__DATA SHOWN__
* * *

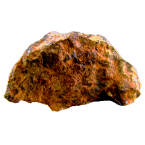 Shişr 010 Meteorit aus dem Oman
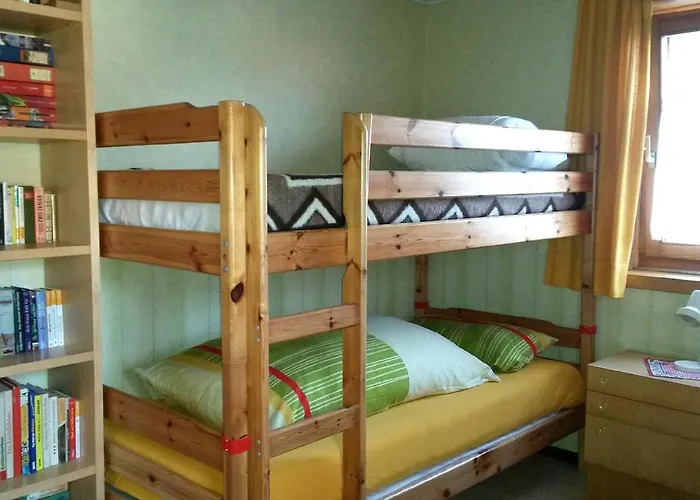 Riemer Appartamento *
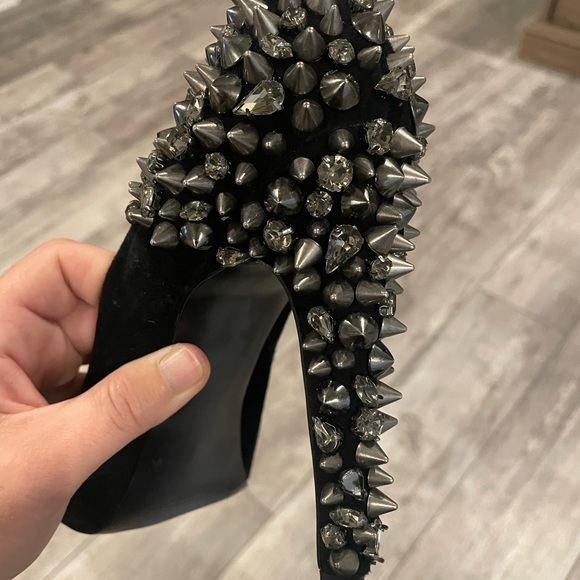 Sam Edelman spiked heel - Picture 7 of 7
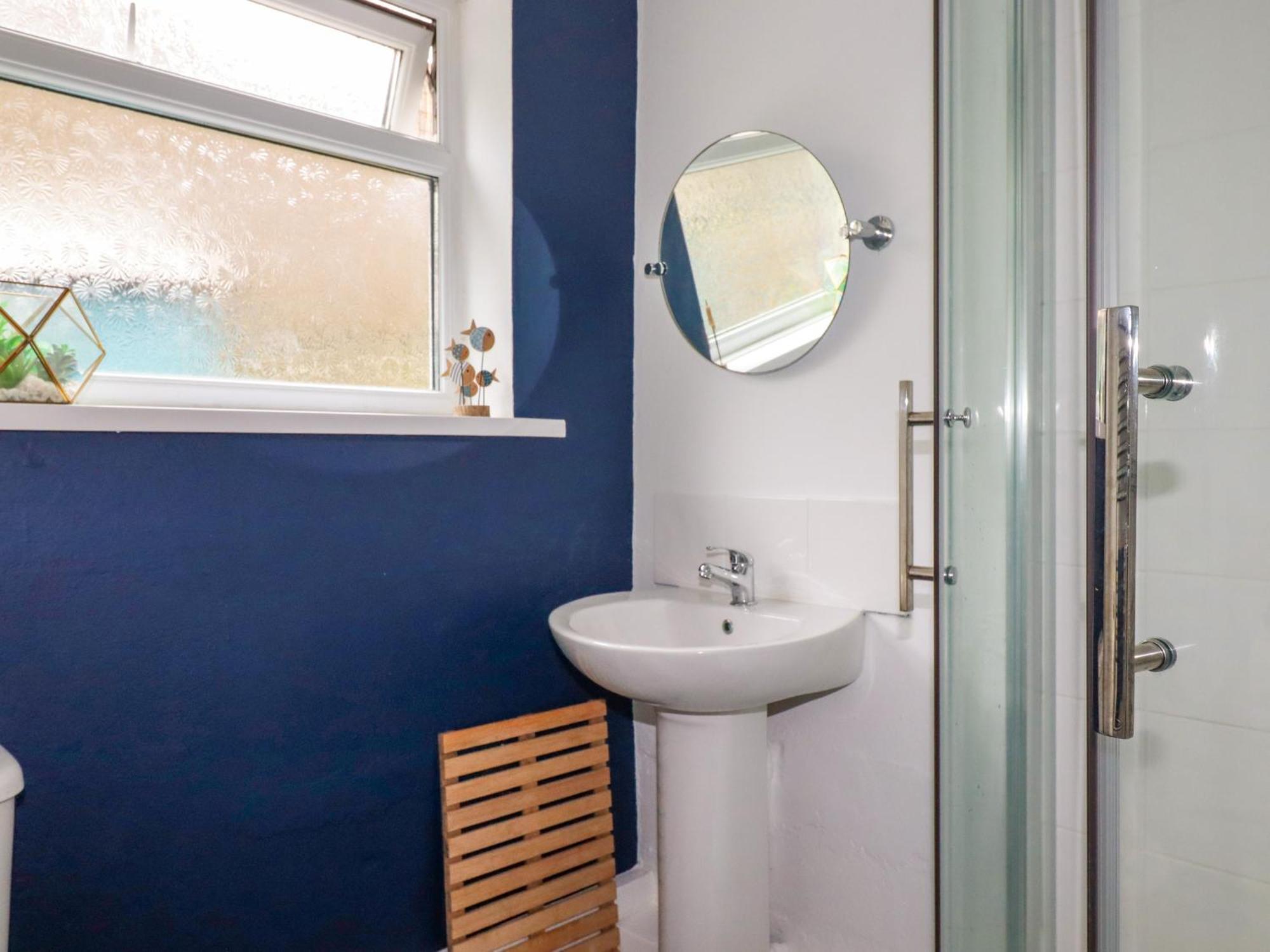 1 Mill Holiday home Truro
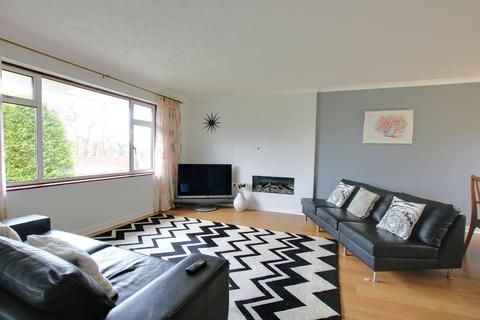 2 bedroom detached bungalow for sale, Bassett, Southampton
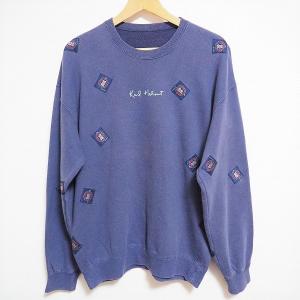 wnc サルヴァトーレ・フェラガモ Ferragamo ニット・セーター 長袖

* * *

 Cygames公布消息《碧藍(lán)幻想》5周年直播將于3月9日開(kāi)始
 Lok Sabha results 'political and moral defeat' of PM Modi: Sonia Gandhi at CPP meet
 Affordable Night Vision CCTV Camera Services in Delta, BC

* * *

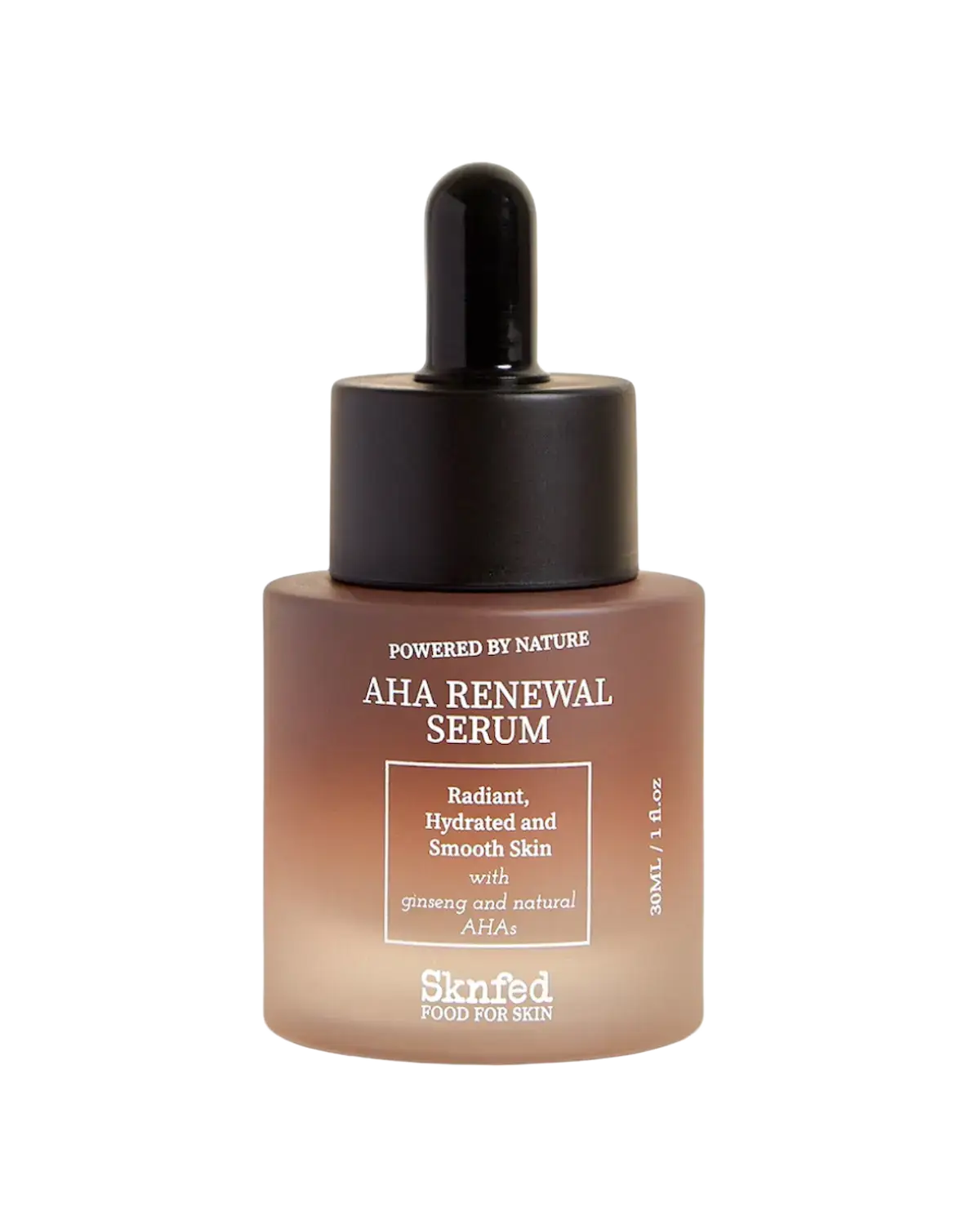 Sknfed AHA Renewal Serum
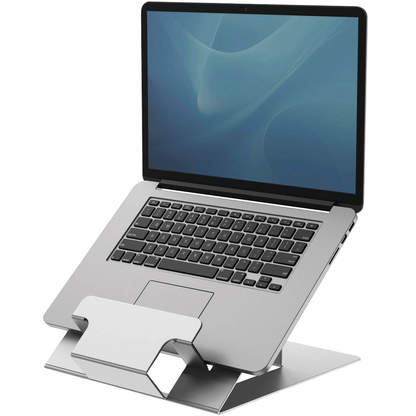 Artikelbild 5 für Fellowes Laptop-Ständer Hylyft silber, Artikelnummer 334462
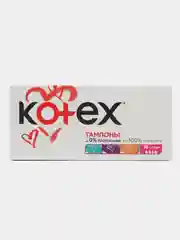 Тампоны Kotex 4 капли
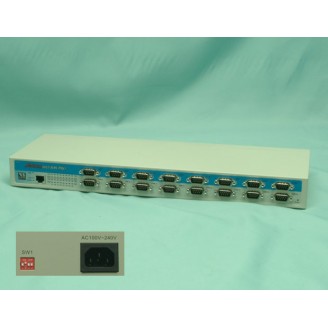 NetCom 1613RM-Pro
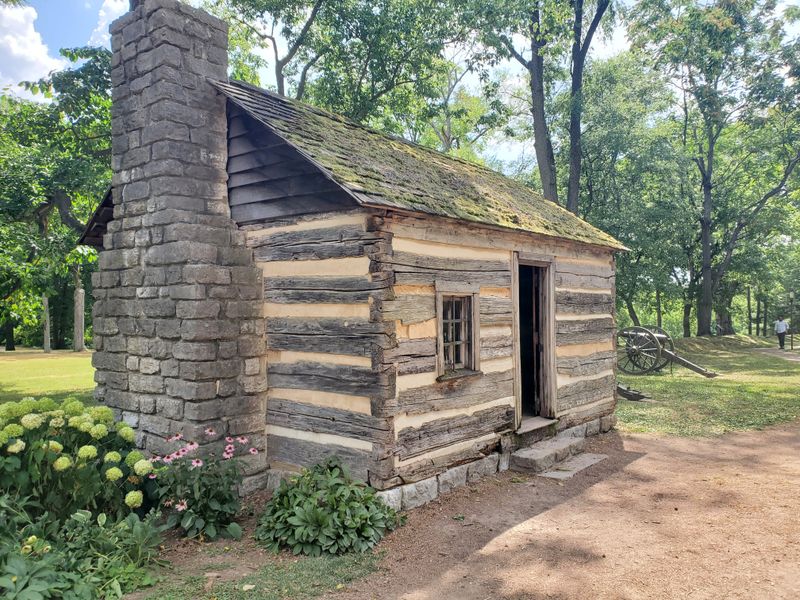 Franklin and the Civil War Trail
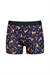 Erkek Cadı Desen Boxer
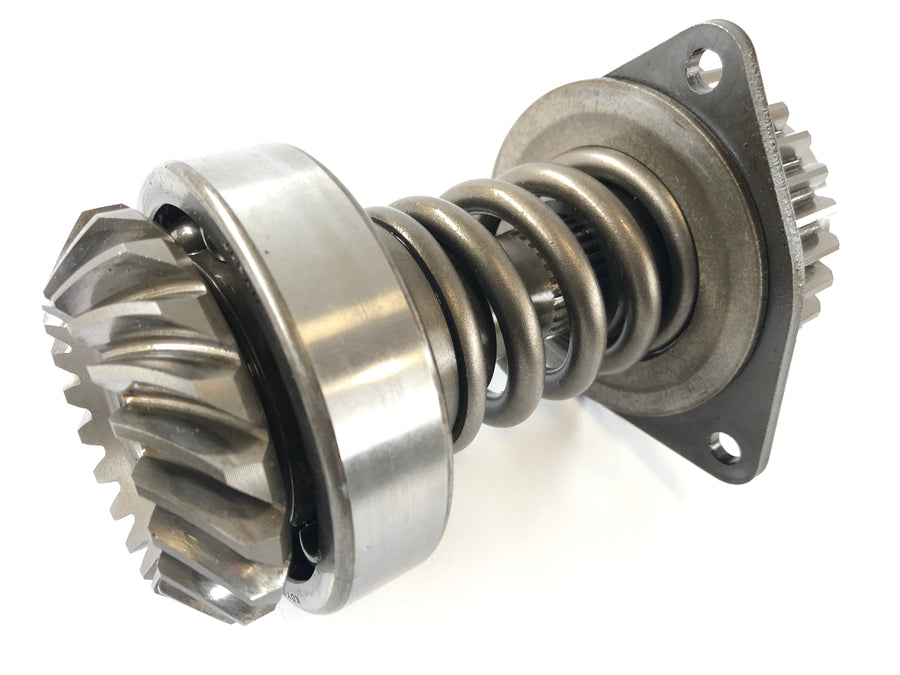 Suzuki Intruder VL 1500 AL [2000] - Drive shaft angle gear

* * *

__WHAT YOU ARE ASKED TO DO__
Could you repeat, exactly, only the lines above starting at the one that has "Erkek Cadı Desen Boxer" and stopping after the one that has "Suzuki Intruder VL", without the pictures?

__EXERCISE SOLUTION__
 Erkek Cadı Desen Boxer
 Suzuki Intruder VL 1500 AL [2000] - Drive shaft angle gear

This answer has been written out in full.